I imagine one day he WILL get that cat scan for some other injury and the doctors will wonder what all those other healing cracks are from.

“Daily life, Doctor. Just Luka’s daily life.”


Wrath said...


Michael's very carefully worded reply to any medical question is always "Mmmmm.....well....if it were MY child (with the huge stick sticking out her eye), I would"

Seems that the decisions get harder when it actually IS your child.

I say Ha!

Kiss both boys for me.....the little one AND the big one. And also tell Noah that the fact he feels bad about his brother getting hurt means he is GROWING UP. And you are proud of him for that. Also tell him that Luka....especially Luka....NEEDS a big brother to jump on and wrestle with.....and he was doing great. He needs to do it more. But bad stuff happens sometimes. As long as you are being careful....like he was....you don't stop doing it.

That's a hard lesson for ADULTS much less a little boy who is becoming a big boy.

Anonymous said...

But I never mentioned to anyone that when I got to the ER check-in desk, I tell them I am here to check in and they ask; "Is this your child?" I say yes. Eyes squint, she leans in close . . . "No, I mean is this YOUR PERSONAL CHILD?" (As opposed to the ones from the time-share or Co-op) Yes . . . he is my son. "Ohh-kaaaayy."

Lord help me if I was with Ethan, they may have wanted DNA analysis first.


Karen C. said...

Haha ha ha ha, you didn't tell me that! Oh my...
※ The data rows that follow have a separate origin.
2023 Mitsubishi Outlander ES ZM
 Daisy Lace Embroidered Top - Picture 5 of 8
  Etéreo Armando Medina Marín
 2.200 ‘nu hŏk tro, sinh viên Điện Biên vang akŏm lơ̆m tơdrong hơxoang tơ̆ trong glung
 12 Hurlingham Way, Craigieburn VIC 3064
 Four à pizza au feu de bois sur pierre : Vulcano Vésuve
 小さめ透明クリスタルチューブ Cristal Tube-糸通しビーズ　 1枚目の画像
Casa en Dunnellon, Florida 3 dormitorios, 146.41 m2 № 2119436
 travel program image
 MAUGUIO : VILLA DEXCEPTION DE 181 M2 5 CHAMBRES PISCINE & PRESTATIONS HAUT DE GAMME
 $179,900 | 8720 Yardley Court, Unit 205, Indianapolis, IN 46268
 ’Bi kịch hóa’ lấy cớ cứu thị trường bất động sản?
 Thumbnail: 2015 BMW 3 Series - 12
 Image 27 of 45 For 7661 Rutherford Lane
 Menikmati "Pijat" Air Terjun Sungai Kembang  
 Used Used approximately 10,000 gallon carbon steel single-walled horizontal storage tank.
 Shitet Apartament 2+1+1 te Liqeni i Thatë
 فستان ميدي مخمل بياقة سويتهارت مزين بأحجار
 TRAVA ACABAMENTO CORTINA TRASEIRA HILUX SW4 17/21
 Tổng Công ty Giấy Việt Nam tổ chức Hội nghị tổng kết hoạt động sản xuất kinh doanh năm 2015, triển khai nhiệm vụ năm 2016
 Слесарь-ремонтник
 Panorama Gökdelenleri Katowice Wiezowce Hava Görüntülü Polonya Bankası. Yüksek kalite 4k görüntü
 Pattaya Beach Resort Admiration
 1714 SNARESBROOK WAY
Anyone here NOT know the story yet about when Noah was a baby and TWICE I was asked by strangers which country I adopted him from!

We look at pictures of Noah when he was the twin's age and imagine if they had been triplets, how different they all look. Even my two little white-boys don't look like brothers.

That's so funny, Michael.

Snowbird said...

That is hysterical, Michael. When we were out there, Karen and I agreed that Noah was yours, Luka was hers, and Ethan was mine.

Wrath--wow, great advice. Have I mentioned lately that I'm very proud of both of my kids???